Minister of National Defence
- In office 4 June 1979 – 2 March 1980
- Prime Minister: Joe Clark
- Preceded by: Barney Danson
- Succeeded by: Gilles Lamontagne

Minister of Veterans Affairs
- In office 4 June 1979 – 2 March 1980
- Prime Minister: Joe Clark
- Preceded by: Daniel J. MacDonald
- Succeeded by: Daniel J. MacDonald

Member of Parliament for Victoria
- In office 30 October 1972 – 20 November 1988
- Preceded by: David Groos
- Succeeded by: John Brewin

Personal details
- Born: Allan Bruce McKinnon 11 January 1917 Canora, Saskatchewan, Canada
- Died: 19 September 1990 (aged 73) Victoria, British Columbia, Canada
- Party: Progressive Conservative
- Profession: Teacher

Military service
- Branch/service: Canadian Army
- Years of service: 1939-1945
- Rank: Major

= Allan McKinnon =

Canadian politician (1917–1990)

Allan Bruce McKinnon (11 January 1917 – 19 September 1990) was a Canadian politician.

== Biography ==
Born in Canora, Saskatchewan, he served with the Royal Canadian Artillery and was officer with the Princess Patricia's Canadian Light Infantry. In 1945, he was awarded the Military Cross. After the war, he remained in the Canadian Army. He retired with the rank of major in 1965 and settled in Victoria, British Columbia. He then taught at Sangster Elementary School in Colwood. From 1968 to 1972, he was a trustee and later chairman of the Victoria School Board.

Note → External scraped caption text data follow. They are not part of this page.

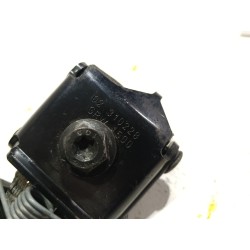Recambio de enganche cinturon para renault megane i classic (la0)(1996) 1.9 dti (la1u) referencia OEM IAM 7700429723C  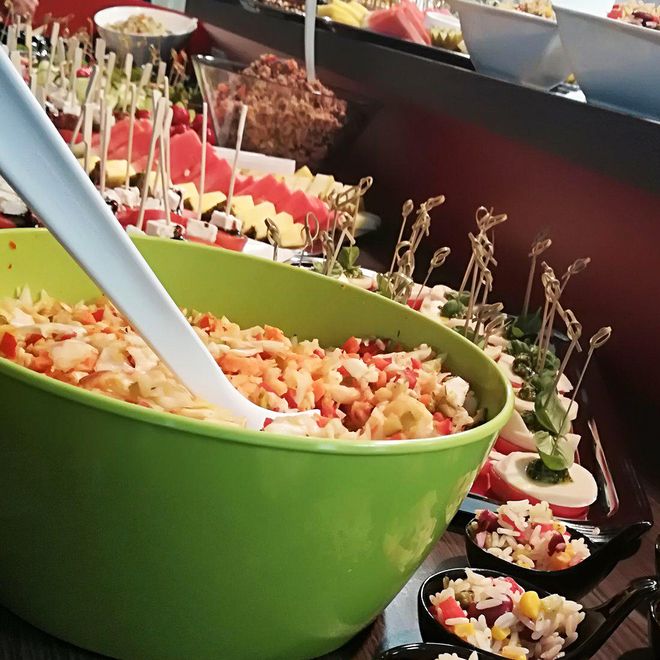 gesundeslunch_april_2018__3_ ()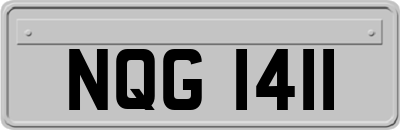 NQG1411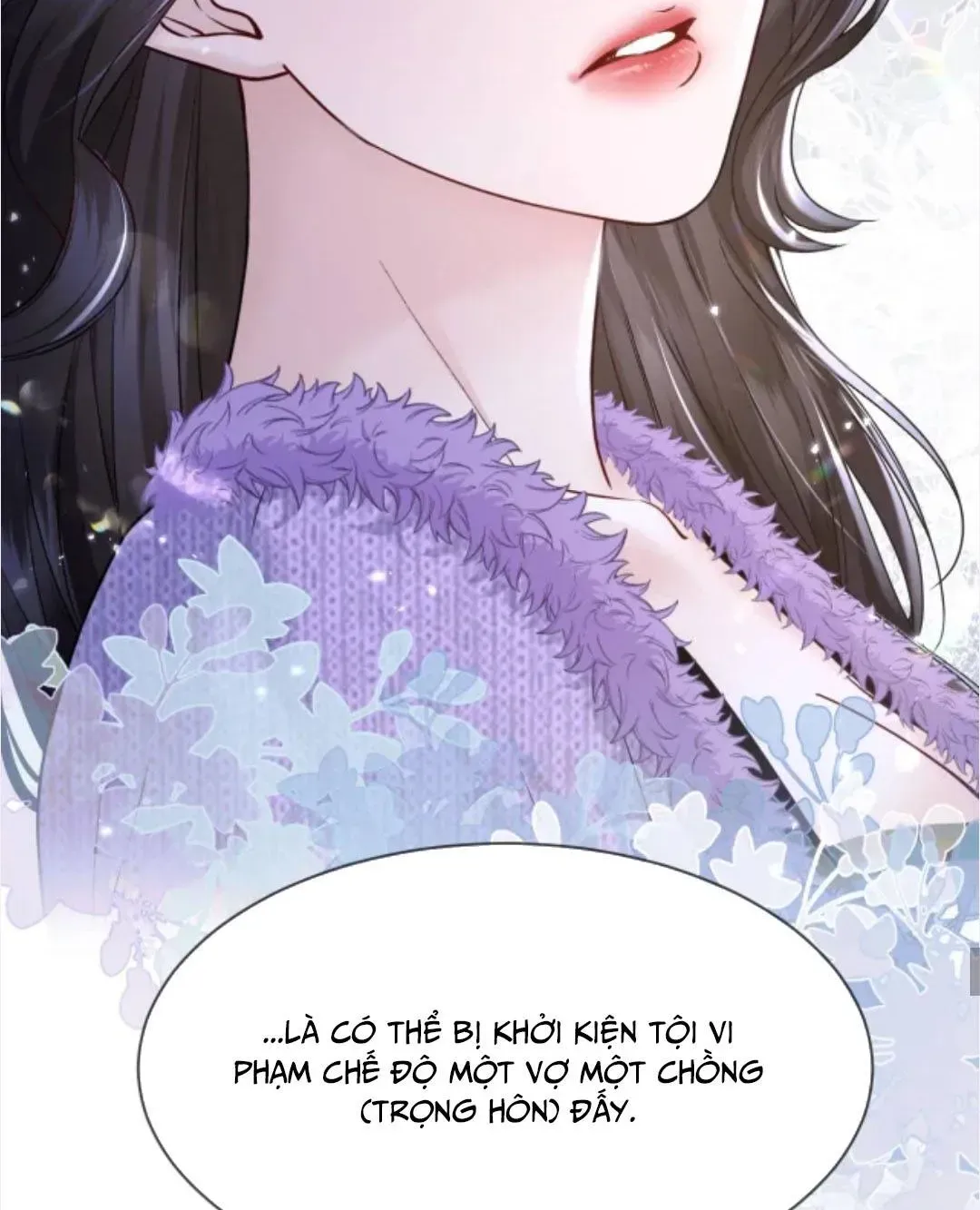 Đắm Say Chap 80 - Next Chap 81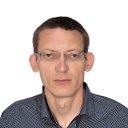 ���� �����, ���������, 45 ��� - ��������� 29 ������� 2025 � ������ ���� ����������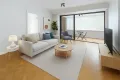 Property photo of 9/30 Dutruc Street Randwick NSW 2031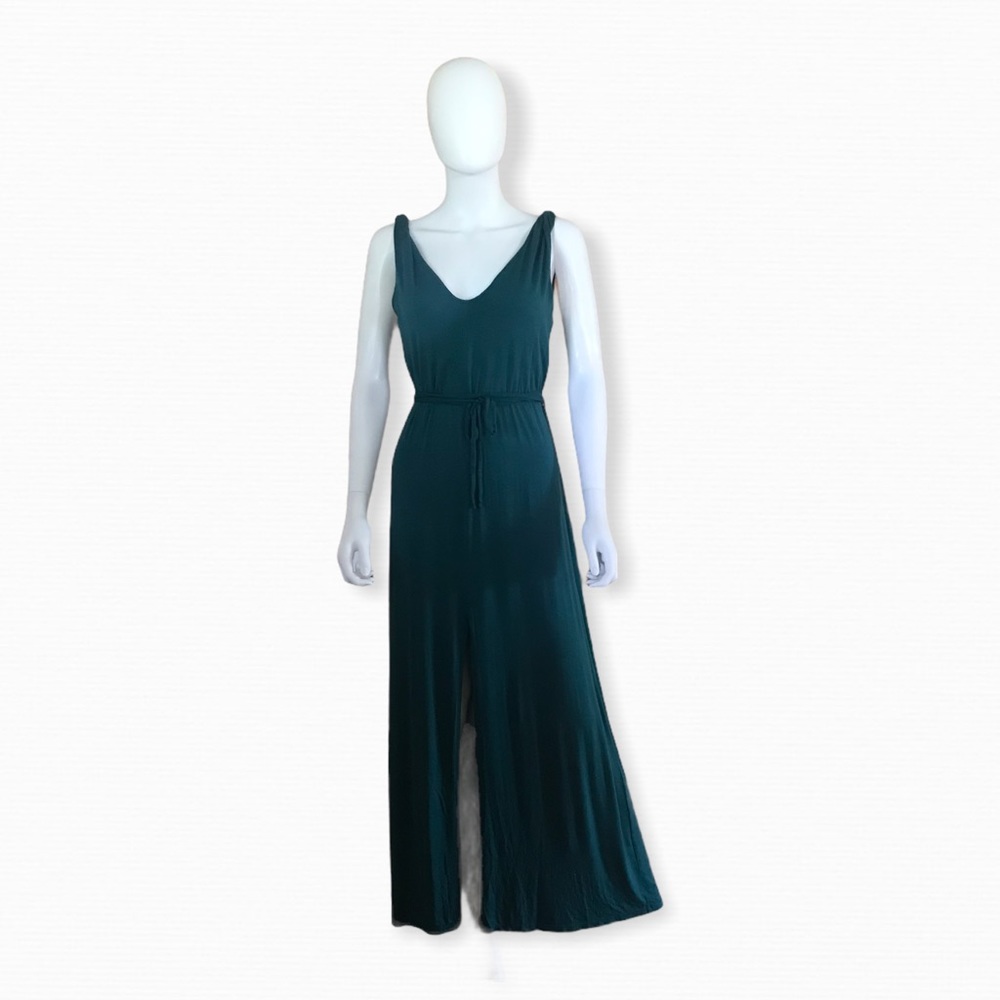 LAmade  Cerulean Dress Twist Strap, S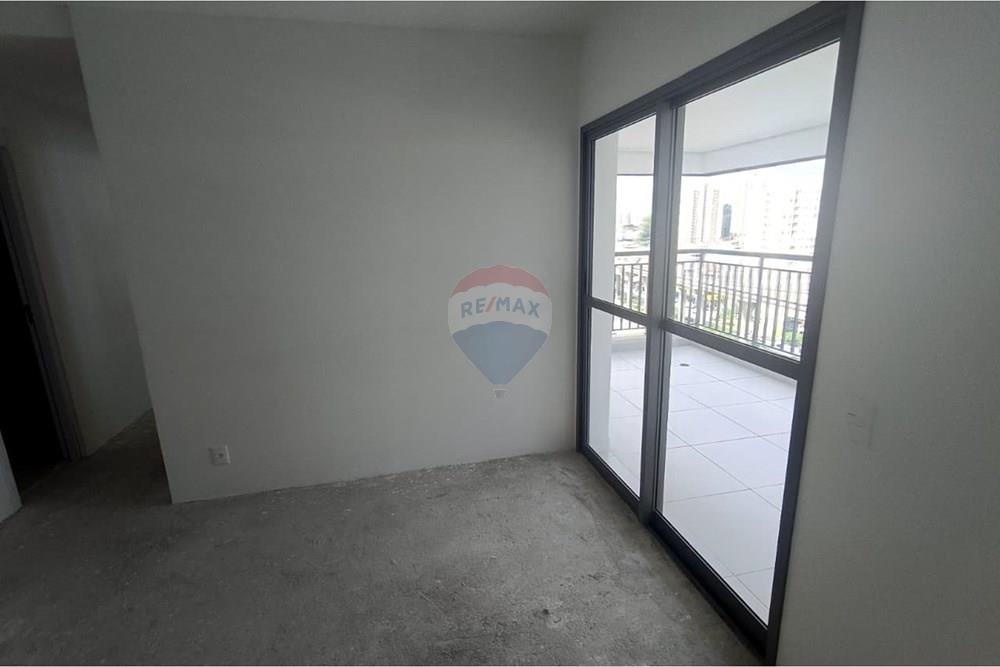 Apartamento - Alugar - São Paulo , São Paulo - WhatsApp Image 2026-03-26 at 12.43.47.jpeg - 602241025-94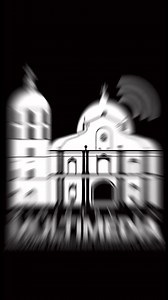 3.9K views · 28 reactions | KENI NA, SUMUYU TANA! Mahilig ka bang...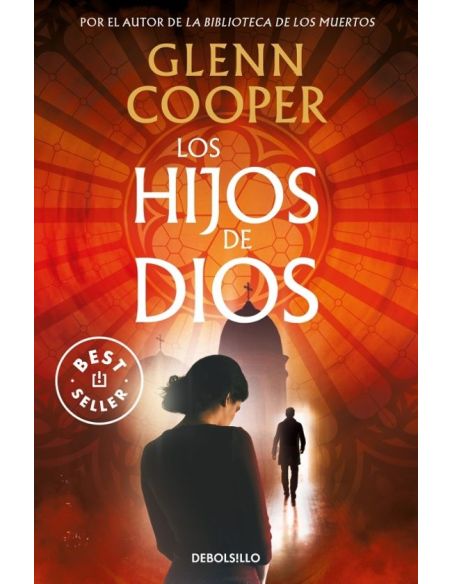 Los Hijos De Dios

McKinnon was first elected to the House of Commons of Canada in the 1972 federal election as the Progressive Conservative Member of Parliament for Victoria, British Columbia. He was re-elected on four successive occasions, and served from 1979 to 1980 as Minister of National Defence and Minister of Veterans Affairs in the short-lived minority government of Joe Clark.

McKinnon retired from politics at the 1988 federal election. He died at Royal Jubilee Hospital in Victoria, British Columbia in 1990 due to cancer.